Il nostro ordinamento, tiene in gran conto la madre lavoratrice e la tutela sotto più aspetti. La madre ha diritto a cinque mesi di astensione obbligatoria dal lavoro, a cui se ne aggiungono altri sei di astensione facoltativa. Inoltre, la madre non può essere licenziata.

Lo scopo della legge è quello di evitare abusi da parte del datore di lavoro, volti a “disfarsi” della donna madre. Vediamo di seguito quali sono le tutele previste in Italia in caso di licenziamento e in caso di dimissioni per una lavoratrice madre.

Gravidanza

In gravidanza e dopo la maternità

La legge impone al datore di lavoro, il divieto di licenziare la donna incinta dall’inizio della gravidanza, fino al compimento di un anno di età del figlio. Un licenziamento durante questo periodo, è da ritenersi nullo. La madre potrà quindi decidere se richiedere il reintegro pieno nell’azienda (anche dei contributi previdenziali INPS persi), oppure un risarcimento danni pari a quindici mensilità, ridotte dell’eventuale retribuzione percepita presso altro datore di lavoro dal giorno del licenziamento in poi.

Per quanto riguarda invece le dimissioni, oppure la risoluzione consensuale del rapporto di lavoro, esse devono essere sottoposte a convalida presso la Direzione Provinciale del Lavoro, fino ai 3 anni del bimbo. Questo per scongiurare il pericolo di “false dimissioni”, a cui potrebbe essere stata costretta la madre.

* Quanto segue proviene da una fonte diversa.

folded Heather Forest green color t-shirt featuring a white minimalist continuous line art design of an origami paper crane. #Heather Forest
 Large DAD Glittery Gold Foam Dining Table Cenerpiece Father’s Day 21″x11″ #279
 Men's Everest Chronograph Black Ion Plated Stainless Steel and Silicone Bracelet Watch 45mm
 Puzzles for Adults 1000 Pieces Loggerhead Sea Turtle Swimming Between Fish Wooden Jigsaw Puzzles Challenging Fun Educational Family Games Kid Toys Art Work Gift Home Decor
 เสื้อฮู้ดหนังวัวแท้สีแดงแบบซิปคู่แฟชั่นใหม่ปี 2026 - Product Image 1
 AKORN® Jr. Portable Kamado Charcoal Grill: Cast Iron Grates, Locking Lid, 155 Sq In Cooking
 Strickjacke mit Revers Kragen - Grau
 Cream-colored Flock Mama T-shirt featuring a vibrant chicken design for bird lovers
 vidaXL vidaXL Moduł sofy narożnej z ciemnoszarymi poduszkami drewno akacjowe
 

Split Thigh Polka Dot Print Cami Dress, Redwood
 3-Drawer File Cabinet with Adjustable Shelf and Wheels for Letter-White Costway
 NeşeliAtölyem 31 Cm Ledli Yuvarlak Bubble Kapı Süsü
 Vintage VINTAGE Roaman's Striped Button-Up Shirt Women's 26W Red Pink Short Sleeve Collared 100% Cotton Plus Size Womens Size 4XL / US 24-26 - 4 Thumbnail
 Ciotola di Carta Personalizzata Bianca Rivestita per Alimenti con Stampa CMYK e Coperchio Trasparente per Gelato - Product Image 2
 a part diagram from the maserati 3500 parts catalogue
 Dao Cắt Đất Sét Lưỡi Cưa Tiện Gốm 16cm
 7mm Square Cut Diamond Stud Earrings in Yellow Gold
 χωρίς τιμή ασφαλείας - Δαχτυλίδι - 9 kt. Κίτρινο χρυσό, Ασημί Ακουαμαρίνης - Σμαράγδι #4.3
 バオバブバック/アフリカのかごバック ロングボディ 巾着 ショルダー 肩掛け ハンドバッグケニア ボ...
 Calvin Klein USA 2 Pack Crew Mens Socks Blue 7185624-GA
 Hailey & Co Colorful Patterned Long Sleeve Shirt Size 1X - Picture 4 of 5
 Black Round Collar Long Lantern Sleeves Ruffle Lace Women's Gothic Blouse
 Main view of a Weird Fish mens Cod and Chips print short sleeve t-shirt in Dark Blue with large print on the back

Cessazione attività e altri motivi

Tuttavia, ci sono casi specifici per cui il licenziamento di lavoratrice incinta o madre sono possibili:

  1. Cessazione dell’azienda. Purtroppo a causa della crisi, sono tante le aziende che chiudono. A questo punto, chiaramente, anche le donne incinte e madri lavoratrici saranno licenziate, come tutti gli altri dipendenti.
  2. Colpa grave della lavoratrice. La lavoratrice è licenziabile sempre, qualora ricorra giusta causa, ossia atto di tale gravità da non permettere la continuazione del rapporto (per esempio furto, gravi minacce, etc.).
  3. Esito negativo durante o dopo il periodo di prova. Se si tratta quindi di neoassunta e ancora in periodo di prova, il datore di lavoro può licenziare la dipendente, motivando il mancato superamento della prova.